I'm pretty new to Apache Spark and I'm trying to repartition a dataframe by U.S. State. I then want to break each partition into its own RDD and save to a specific location:
schema = types.StructType([
types.StructField("details", types.StructType([
types.StructField("state", types.StringType(), True)
]), True)
])
raw_rdd = spark_context.parallelize([
'{"details": {"state": "AL"}}',
'{"details": {"state": "AK"}}',
'{"details": {"state": "AZ"}}',
'{"details": {"state": "AR"}}',
'{"details": {"state": "CA"}}',
'{"details": {"state": "CO"}}',
'{"details": {"state": "CT"}}',
'{"details": {"state": "DE"}}',
'{"details": {"state": "FL"}}',
'{"details": {"state": "GA"}}'
]).map(
lambda row: json.loads(row)
)
rdd = sql_context.createDataFrame(raw_rdd).repartition(10, "details.state").rdd
for index in range(0, rdd.getNumPartitions()):
partition = rdd.mapPartitionsWithIndex(
lambda partition_index, partition: partition if partition_index == index else []
).coalesce(1)
if partition.count() > 0:
df = sql_context.createDataFrame(partition, schema=schema)
for event in df.collect():
print "Partition {0}: {1}".format(index, str(event))
else:
print "Partition {0}: No rows".format(index)
In order to test, I load a file from S3 with 50 rows (10 in the example), each with a different state in the details.state
column.
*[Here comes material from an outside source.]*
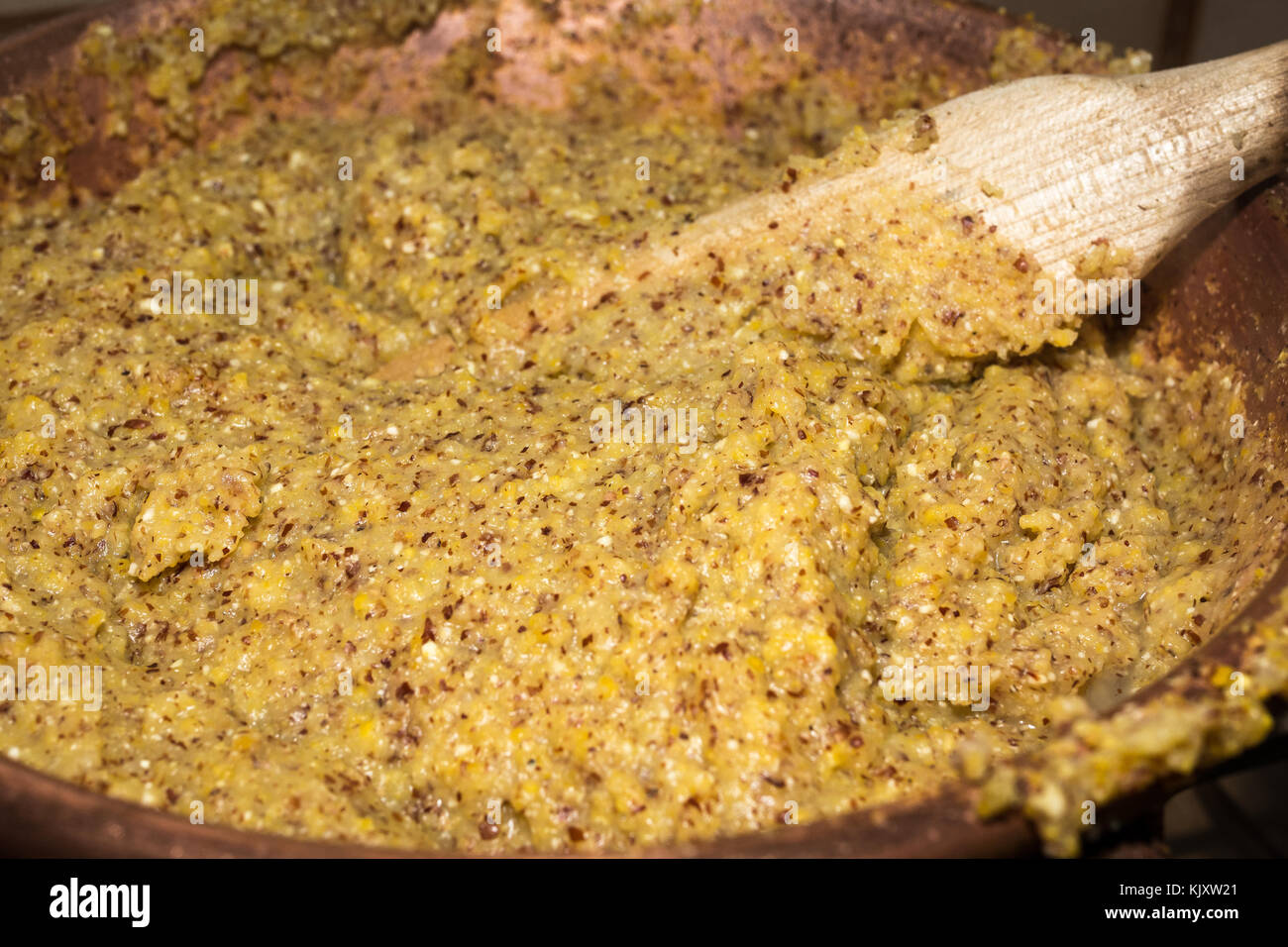 Polenta cooking in the traditional cauldron. Authentic Italian recipe. Stock Photo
In order to mimic the behavior I've parallelized data in the example above, but the behavior is the same. I get the 50 partitions I asked for but some aren't being used and some carry entries for more than one state. Here's the output for the sample set of 10:
Partition 0: Row(details=Row(state=u'AK'))
Partition 1: Row(details=Row(state=u'AL'))
Partition 1: Row(details=Row(state=u'CT'))
Partition 2: Row(details=Row(state=u'CA'))
Partition 3: No rows
Partition 4: No rows
Partition 5: Row(details=Row(state=u'AZ'))
Partition 6: Row(details=Row(state=u'CO'))
Partition 6: Row(details=Row(state=u'FL'))
Partition 6: Row(details=Row(state=u'GA'))
Partition 7: Row(details=Row(state=u'AR'))
Partition 7: Row(details=Row(state=u'DE'))
Partition 8: No rows
Partition 9: No rows
My question: is the repartitioning strategy just a suggestion to Spark or is there something fundamentally wrong with my code?